Thirty minutes ago, sitting here in the office, I got news of a terrible accident near School 19, the newest school All Hands is building. In front of 31 of our volunteers, a school bus and a dumptruck somehow collided on the freeway, plowing into numerous motorcycles full of people waiting at the intersection. A lot of them died or were knocked unconscious. A telephone pole was knocked down, bringing live power lines down with it, electrocuting the people caught in the mayhem. I can't image what that must have looked like, but the base is quiet now, with a lot of shell shocked people who witnessed and tried to help now trying to process it. It reminds me of when Chris died. It reminds me of how I felt the day after the little girl died. One of our BSF production team members had a cousin die in the accident. Caritas Czech, our current partner for BSF, lost their cook. Thankfully, we didn't lose any of our volunteers or staff, but it still has a chilling effect.
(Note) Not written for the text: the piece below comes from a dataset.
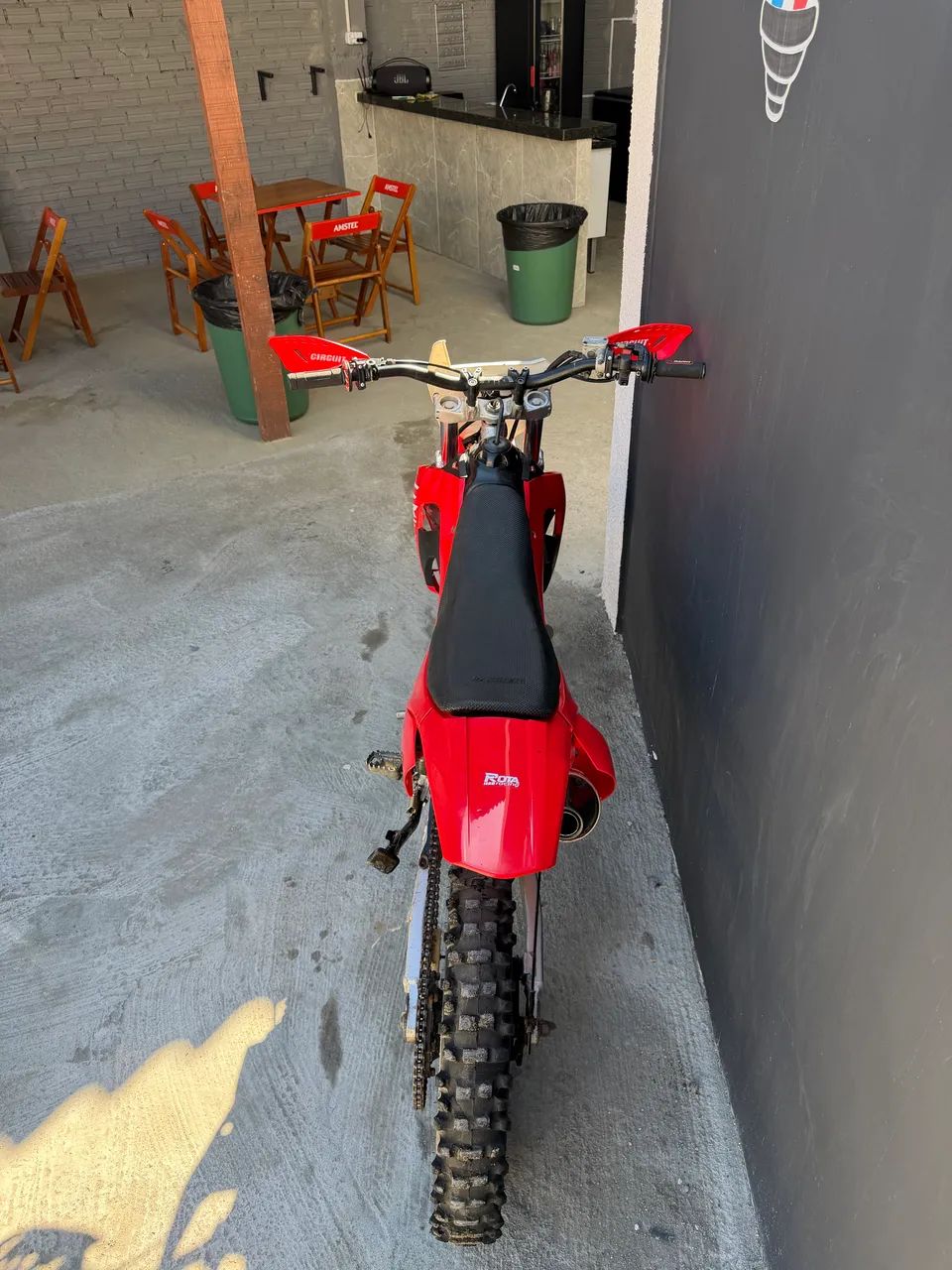 CRF 230F 2013 - Foto 4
I've waited, on the back of a moto, at that exact intersection many times before. Timing, as it tends to, has so much to do with how a life unfolds.

I don't share this to be grim, even though I know I can be fascinated by the macabre. I think, like I have before, that for me, when something truly sad or bad happens, it is important that it is remembered, particularly when innocents are lost because of it. These last few days feel as if they are deserving of being remembered.